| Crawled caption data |

::::::::::

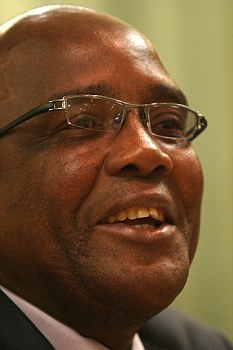 南非近三成女學(xué)生攜艾滋病病毒 老男人是罪魁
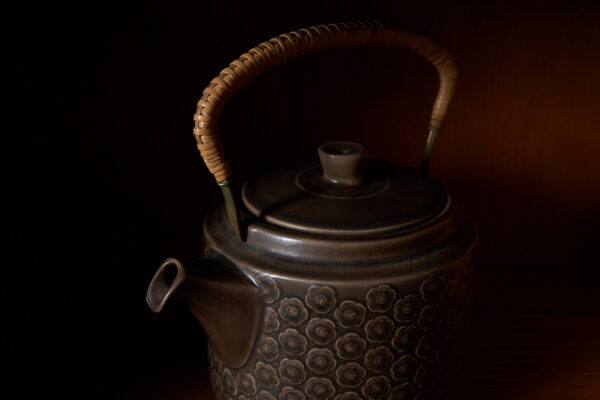 159_Showroom144_jens-quistgaard-tea-pot_12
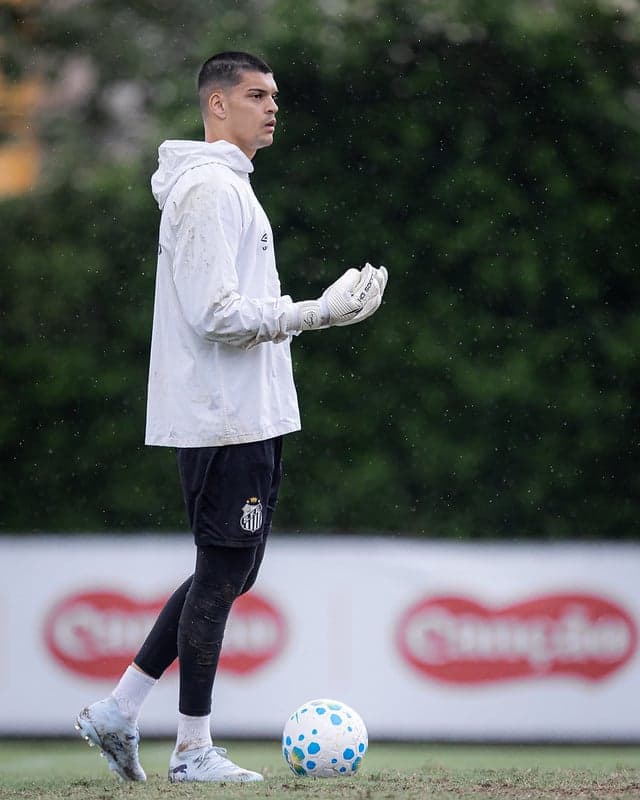 Gabriel Brazão durante treino do Santos no CT Rei Pelé. (Foto: Raul Baretta/ Santos FC)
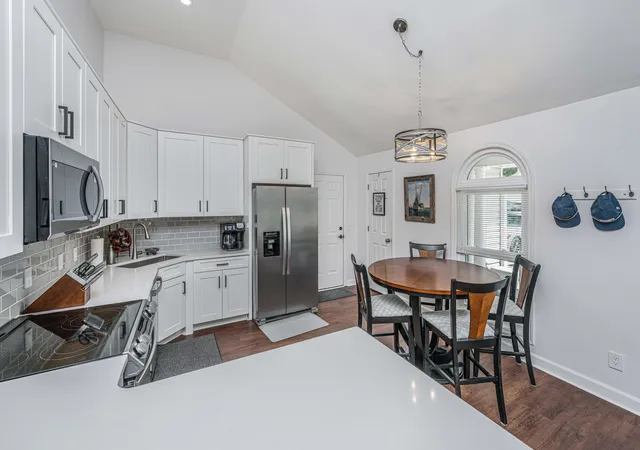Photo 3 of Single family home for sale at 1938 Armory Dr, Mount Pleasant, SC 29466 | MLS# 26015710 | Listing updated on 2026-09-14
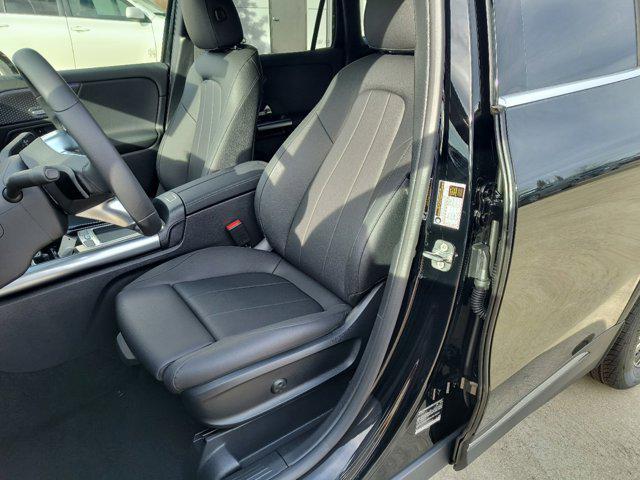 new 2025 Mercedes-Benz GLA 250 car, priced at $45,845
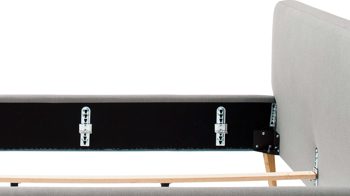 Bettgestell Meise.möbel aus Stoff in Hellgrau Polsterbettgestell Mattis hellgraues Flachgewebe Aspen 92 & Holzfüße - Liegefläche ca. 140 x 200 cm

::::::::::

| Work required |
Retype each entry precisely. Skip images entirely.

| Completed exercise |
 南非近三成女學(xué)生攜艾滋病病毒 老男人是罪魁
 159_Showroom144_jens-quistgaard-tea-pot_12
 Gabriel Brazão durante treino do Santos no CT Rei Pelé. (Foto: Raul Baretta/ Santos FC)
Photo 3 of Single family home for sale at 1938 Armory Dr, Mount Pleasant, SC 29466 | MLS# 26015710 | Listing updated on 2026-09-14
 new 2025 Mercedes-Benz GLA 250 car, priced at $45,845
 Bettgestell Meise.möbel aus Stoff in Hellgrau Polsterbettgestell Mattis hellgraues Flachgewebe Aspen 92 & Holzfüße - Liegefläche ca. 140 x 200 cm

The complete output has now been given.